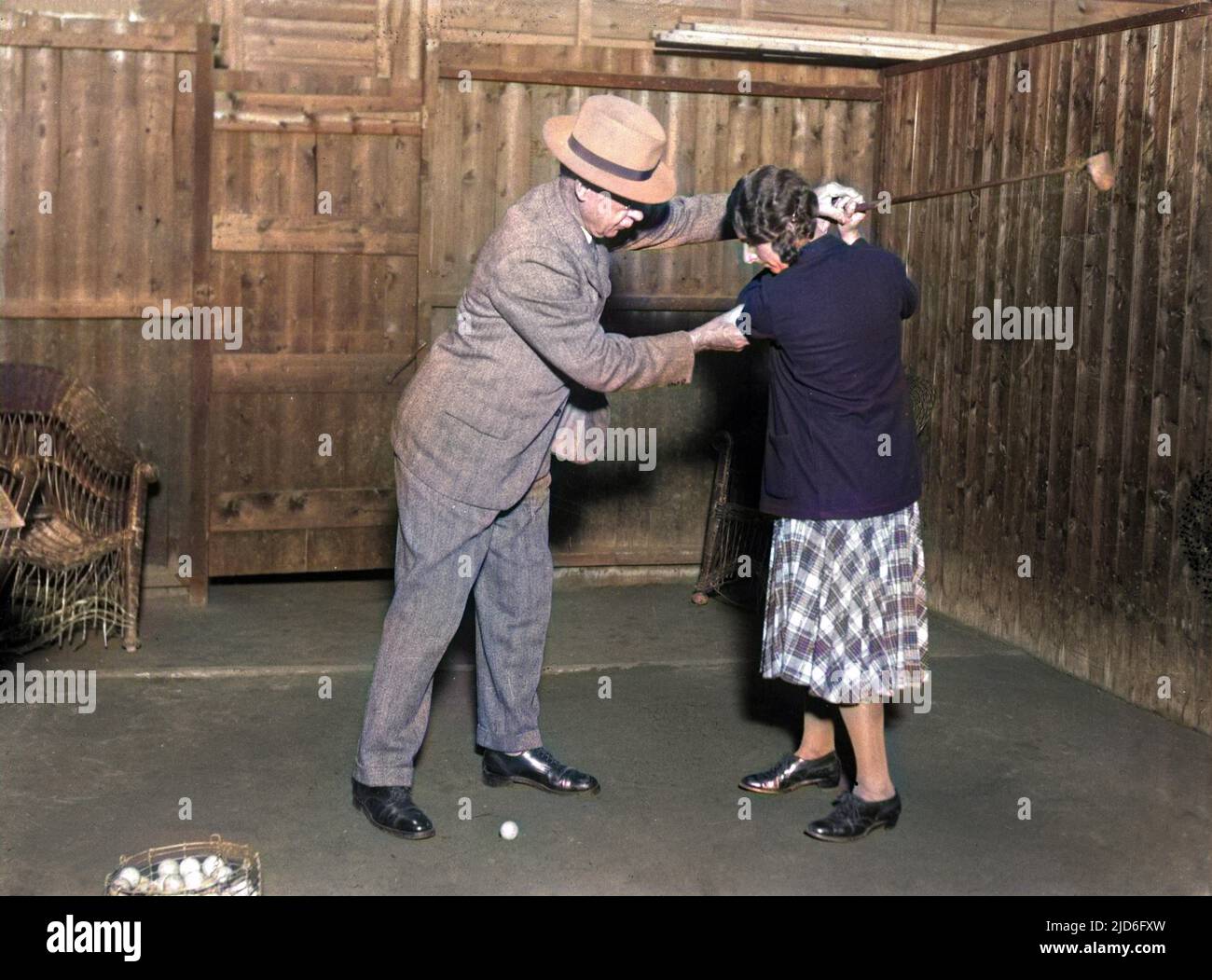 Una donna golfer che è insegnata come colpire correttamente la sfera al randello interno di golf di Milbury Court 'tutto il tempo '. Versione colorata di : 10168946 Data: Inizio 1930s Foto Stock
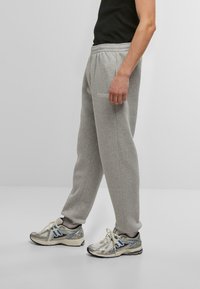 Gray sweatpants made of cotton blend, featuring an elastic waistband and side pockets. A small logo is embroidered on the left thigh.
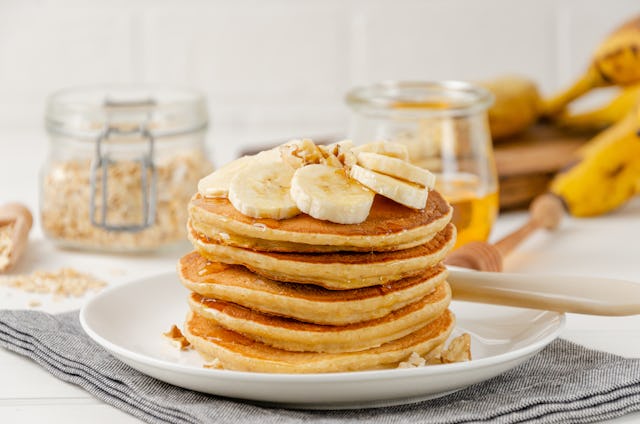 A stack of oatmeal banana pancakes with slices of fresh bananas, walnuts and honey on top with cup o...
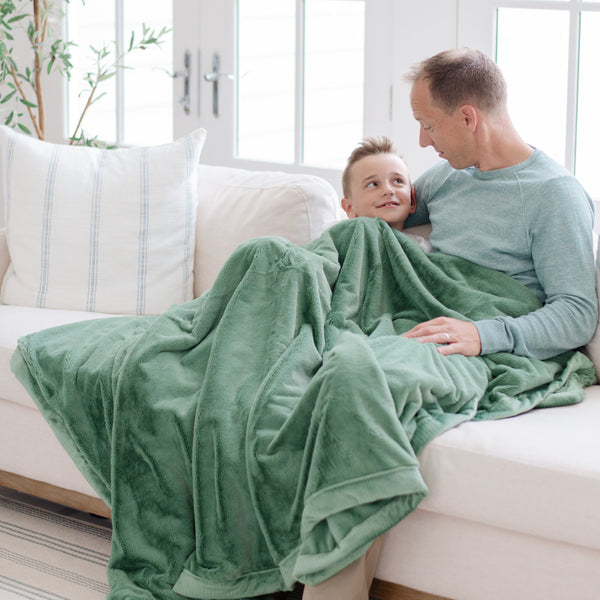 A father and his son sit under a Luxury Extra Large Oversized Throw Seagrass (dusty green) Colored Lush Saranoni Blanket. The soft blanket is an extra large throw blanket and has a soft faux fur feeling.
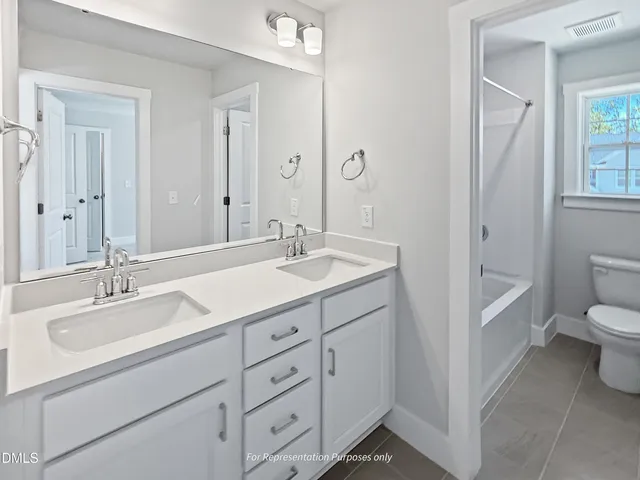 a view of a patio with table and chairs potted plants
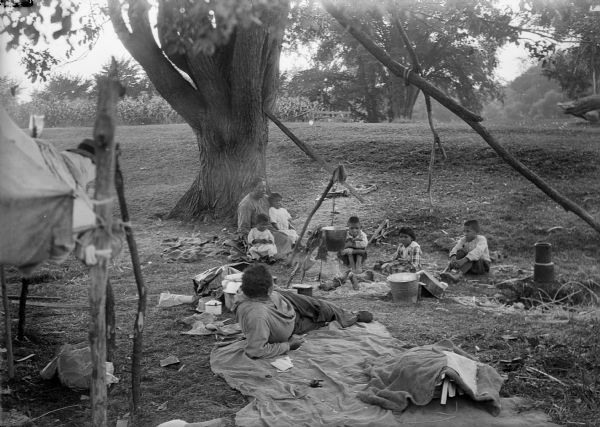 A Native American (possibly Ho-Chunk) family rests at their campsite under a large tree. There is a bucket suspended over a small campfire.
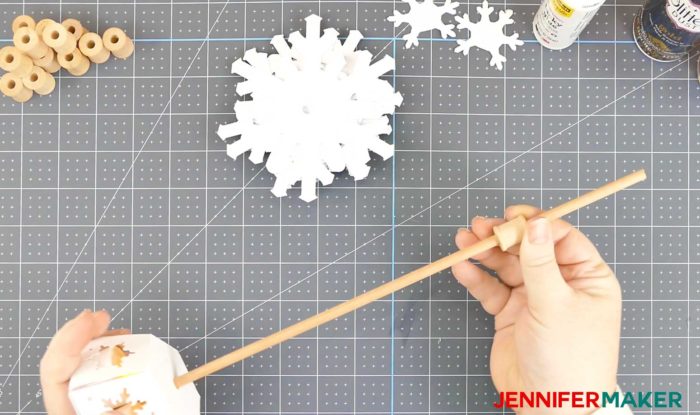 Sliding a wood spool over a wood dowel to make a paper snowflake christmas tree luminary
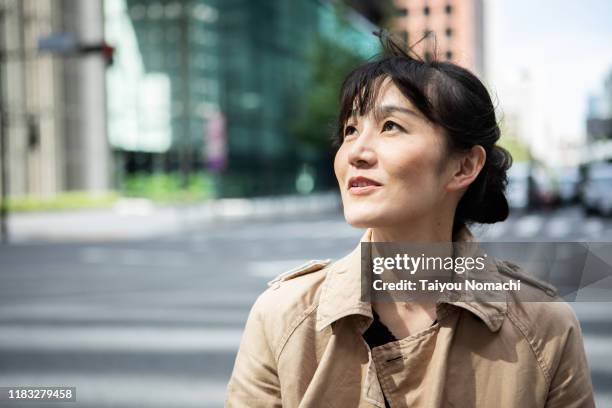 portrait of a japanese woman photographed in tokyo - japanese bussiness woman looking up stock-fotos und bilder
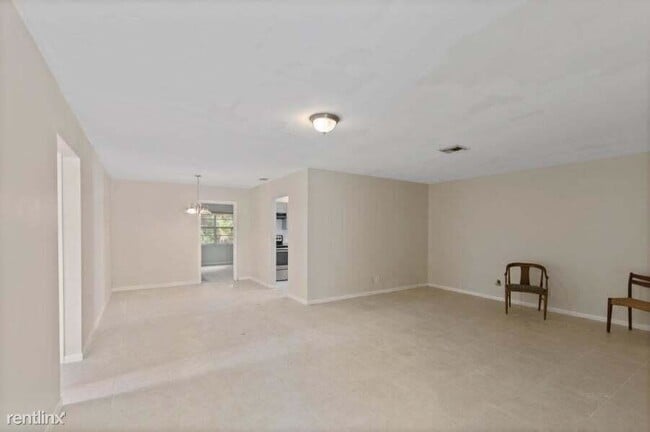 Building Photo - 3 br, 2 bath House - 7186 Pine Bluff Dr 1
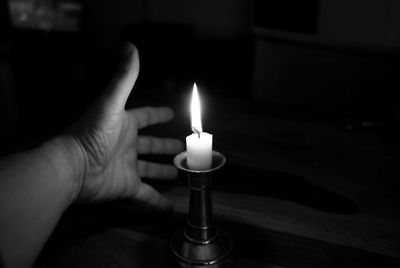 Cropped hand gesturing by illuminated candle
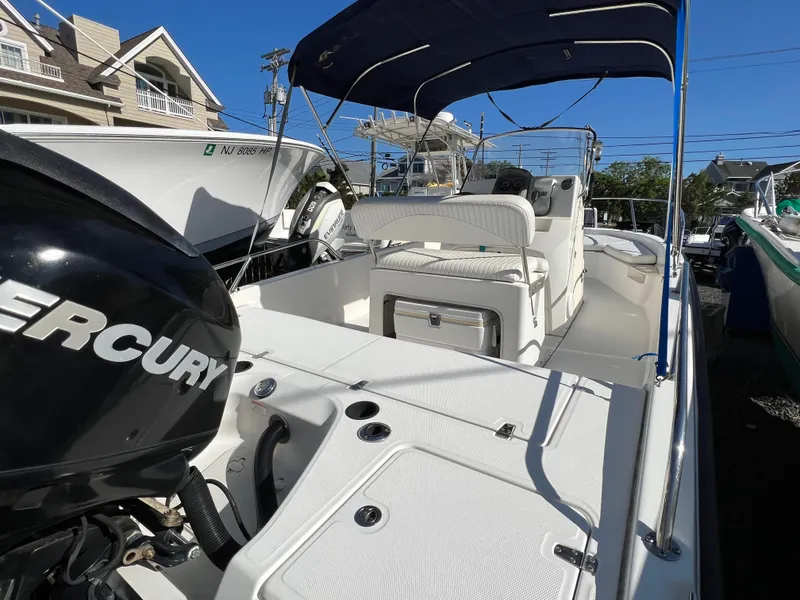 Slide: The Image of 2008 Boston Whaler 210 Dauntless boat with Mercury engine, featuring spacious seating and canopy. - 4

○ ○ ○

▸ **Activity**
An exact copy is needed of the lines from the start of the listing through the line with "A stack of oatmeal", both end lines included and pictures excluded.

▸ **Output below**
 Una donna golfer che è insegnata come colpire correttamente la sfera al randello interno di golf di Milbury Court 'tutto il tempo '. Versione colorata di : 10168946 Data: Inizio 1930s Foto Stock
 Gray sweatpants made of cotton blend, featuring an elastic waistband and side pockets. A small logo is embroidered on the left thigh.
 A stack of oatmeal banana pancakes with slices of fresh bananas, walnuts and honey on top with cup o...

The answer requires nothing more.